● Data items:
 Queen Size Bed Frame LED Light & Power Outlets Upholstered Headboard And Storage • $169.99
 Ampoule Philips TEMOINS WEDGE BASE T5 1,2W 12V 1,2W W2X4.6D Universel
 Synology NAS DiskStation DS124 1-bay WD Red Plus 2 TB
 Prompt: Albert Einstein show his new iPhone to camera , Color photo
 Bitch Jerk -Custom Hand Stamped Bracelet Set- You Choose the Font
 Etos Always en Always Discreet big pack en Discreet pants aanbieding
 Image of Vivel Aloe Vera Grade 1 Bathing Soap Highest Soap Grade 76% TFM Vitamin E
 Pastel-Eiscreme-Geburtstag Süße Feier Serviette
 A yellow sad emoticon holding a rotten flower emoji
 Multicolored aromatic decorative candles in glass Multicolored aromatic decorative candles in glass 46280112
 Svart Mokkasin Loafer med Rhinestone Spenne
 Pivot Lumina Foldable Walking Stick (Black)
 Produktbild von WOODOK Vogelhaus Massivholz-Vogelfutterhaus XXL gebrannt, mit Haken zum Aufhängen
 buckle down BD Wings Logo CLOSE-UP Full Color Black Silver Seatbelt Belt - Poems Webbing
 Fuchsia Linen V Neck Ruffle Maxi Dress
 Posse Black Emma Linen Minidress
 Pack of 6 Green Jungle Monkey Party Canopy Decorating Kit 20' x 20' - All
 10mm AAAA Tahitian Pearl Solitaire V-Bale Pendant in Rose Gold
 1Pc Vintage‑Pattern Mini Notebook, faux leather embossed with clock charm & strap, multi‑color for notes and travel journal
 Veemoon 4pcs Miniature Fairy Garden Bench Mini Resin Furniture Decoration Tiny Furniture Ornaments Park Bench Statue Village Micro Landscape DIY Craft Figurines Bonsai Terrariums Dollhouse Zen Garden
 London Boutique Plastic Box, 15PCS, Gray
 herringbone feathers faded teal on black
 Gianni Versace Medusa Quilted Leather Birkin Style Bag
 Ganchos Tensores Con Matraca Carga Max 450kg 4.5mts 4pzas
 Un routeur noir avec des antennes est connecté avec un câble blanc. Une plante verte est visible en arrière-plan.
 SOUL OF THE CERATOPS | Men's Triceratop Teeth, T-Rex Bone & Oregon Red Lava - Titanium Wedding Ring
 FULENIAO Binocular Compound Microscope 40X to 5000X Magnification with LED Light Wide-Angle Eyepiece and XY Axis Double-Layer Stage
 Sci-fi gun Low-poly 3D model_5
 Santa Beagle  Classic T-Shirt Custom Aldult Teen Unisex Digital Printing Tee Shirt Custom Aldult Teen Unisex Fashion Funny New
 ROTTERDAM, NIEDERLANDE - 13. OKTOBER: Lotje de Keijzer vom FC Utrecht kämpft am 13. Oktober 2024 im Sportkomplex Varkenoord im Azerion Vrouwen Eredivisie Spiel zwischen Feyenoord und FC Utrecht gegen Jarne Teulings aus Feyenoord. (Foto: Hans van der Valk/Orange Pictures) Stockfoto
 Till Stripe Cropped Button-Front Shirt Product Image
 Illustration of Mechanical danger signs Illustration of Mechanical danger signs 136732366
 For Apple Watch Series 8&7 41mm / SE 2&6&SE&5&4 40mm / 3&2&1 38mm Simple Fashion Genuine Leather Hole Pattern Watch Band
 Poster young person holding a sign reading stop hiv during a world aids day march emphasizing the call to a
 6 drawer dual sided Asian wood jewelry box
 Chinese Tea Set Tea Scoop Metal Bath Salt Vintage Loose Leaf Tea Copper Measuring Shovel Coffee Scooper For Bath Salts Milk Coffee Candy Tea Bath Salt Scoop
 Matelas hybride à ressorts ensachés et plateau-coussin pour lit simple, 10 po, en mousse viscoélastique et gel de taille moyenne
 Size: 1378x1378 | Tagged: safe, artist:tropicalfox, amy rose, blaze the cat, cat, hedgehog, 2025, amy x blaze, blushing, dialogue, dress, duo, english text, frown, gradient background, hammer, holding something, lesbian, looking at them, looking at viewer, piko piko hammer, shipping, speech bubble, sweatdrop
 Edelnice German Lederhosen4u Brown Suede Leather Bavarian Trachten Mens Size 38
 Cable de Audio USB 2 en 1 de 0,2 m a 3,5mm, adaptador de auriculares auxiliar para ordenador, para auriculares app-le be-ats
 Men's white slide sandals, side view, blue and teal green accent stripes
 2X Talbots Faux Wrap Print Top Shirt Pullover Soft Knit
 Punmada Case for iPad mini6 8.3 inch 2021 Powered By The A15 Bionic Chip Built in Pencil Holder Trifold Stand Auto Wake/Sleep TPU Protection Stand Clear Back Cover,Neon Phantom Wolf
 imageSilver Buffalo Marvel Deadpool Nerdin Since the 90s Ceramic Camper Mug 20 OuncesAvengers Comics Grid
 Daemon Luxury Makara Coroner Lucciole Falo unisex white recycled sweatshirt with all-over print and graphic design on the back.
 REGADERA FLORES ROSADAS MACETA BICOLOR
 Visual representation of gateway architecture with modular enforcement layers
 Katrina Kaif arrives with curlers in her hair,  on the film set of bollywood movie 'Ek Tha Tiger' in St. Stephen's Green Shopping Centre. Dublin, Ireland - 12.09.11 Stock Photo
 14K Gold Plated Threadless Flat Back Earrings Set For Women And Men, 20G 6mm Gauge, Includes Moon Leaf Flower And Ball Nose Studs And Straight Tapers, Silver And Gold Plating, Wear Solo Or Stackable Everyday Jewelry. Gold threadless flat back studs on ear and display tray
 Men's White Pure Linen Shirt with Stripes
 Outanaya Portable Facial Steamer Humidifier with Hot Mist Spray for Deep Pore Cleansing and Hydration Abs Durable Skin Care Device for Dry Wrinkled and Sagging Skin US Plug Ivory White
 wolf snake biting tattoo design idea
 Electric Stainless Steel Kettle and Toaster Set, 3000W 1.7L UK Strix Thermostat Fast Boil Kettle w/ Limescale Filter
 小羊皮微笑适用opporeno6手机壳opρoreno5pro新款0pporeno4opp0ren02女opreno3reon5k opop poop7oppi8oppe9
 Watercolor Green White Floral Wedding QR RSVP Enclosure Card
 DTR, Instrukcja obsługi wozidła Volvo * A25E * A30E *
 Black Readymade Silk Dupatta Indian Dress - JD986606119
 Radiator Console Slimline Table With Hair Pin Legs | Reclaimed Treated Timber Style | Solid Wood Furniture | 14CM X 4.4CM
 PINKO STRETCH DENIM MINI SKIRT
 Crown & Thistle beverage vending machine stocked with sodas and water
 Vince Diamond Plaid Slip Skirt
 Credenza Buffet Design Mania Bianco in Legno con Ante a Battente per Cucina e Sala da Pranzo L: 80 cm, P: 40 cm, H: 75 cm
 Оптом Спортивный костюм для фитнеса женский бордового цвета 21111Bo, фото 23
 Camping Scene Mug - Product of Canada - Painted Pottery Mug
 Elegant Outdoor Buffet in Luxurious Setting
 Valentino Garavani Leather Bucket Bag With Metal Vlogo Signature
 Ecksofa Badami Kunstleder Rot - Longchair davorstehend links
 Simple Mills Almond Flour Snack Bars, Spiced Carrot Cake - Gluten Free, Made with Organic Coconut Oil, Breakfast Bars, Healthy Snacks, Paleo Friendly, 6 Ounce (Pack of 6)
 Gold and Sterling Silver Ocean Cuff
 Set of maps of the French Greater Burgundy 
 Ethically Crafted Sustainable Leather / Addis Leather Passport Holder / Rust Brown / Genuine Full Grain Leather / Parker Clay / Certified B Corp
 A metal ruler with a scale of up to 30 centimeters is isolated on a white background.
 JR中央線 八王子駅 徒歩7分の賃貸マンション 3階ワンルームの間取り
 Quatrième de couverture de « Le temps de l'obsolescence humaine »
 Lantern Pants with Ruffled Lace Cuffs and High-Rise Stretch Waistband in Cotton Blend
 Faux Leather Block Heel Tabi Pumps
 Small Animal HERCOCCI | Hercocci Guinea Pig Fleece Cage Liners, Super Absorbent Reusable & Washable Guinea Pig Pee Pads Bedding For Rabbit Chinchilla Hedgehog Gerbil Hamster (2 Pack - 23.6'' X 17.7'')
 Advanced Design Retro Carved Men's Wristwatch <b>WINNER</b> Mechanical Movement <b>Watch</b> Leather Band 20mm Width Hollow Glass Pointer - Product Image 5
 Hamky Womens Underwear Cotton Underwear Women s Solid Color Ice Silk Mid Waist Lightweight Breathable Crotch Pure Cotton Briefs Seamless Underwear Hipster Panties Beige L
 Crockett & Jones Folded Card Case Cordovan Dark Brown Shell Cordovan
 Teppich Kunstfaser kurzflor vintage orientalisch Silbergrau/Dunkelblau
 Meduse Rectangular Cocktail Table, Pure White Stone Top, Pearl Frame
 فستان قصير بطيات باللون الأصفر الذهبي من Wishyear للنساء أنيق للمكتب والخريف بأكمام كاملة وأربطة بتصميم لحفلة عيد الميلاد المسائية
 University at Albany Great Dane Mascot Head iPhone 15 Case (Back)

● Exercise instructions: Given the records above, reproduce precisely and only the lines between the line holding "Chinese Tea Set" and the line holding "REGADERA FLORES ROSADAS MACETA BICOLOR", inclusive.

● Reply:
 Chinese Tea Set Tea Scoop Metal Bath Salt Vintage Loose Leaf Tea Copper Measuring Shovel Coffee Scooper For Bath Salts Milk Coffee Candy Tea Bath Salt Scoop
 Matelas hybride à ressorts ensachés et plateau-coussin pour lit simple, 10 po, en mousse viscoélastique et gel de taille moyenne
 Size: 1378x1378 | Tagged: safe, artist:tropicalfox, amy rose, blaze the cat, cat, hedgehog, 2025, amy x blaze, blushing, dialogue, dress, duo, english text, frown, gradient background, hammer, holding something, lesbian, looking at them, looking at viewer, piko piko hammer, shipping, speech bubble, sweatdrop
 Edelnice German Lederhosen4u Brown Suede Leather Bavarian Trachten Mens Size 38
 Cable de Audio USB 2 en 1 de 0,2 m a 3,5mm, adaptador de auriculares auxiliar para ordenador, para auriculares app-le be-ats
 Men's white slide sandals, side view, blue and teal green accent stripes
 2X Talbots Faux Wrap Print Top Shirt Pullover Soft Knit
 Punmada Case for iPad mini6 8.3 inch 2021 Powered By The A15 Bionic Chip Built in Pencil Holder Trifold Stand Auto Wake/Sleep TPU Protection Stand Clear Back Cover,Neon Phantom Wolf
 imageSilver Buffalo Marvel Deadpool Nerdin Since the 90s Ceramic Camper Mug 20 OuncesAvengers Comics Grid
 Daemon Luxury Makara Coroner Lucciole Falo unisex white recycled sweatshirt with all-over print and graphic design on the back.
 REGADERA FLORES ROSADAS MACETA BICOLOR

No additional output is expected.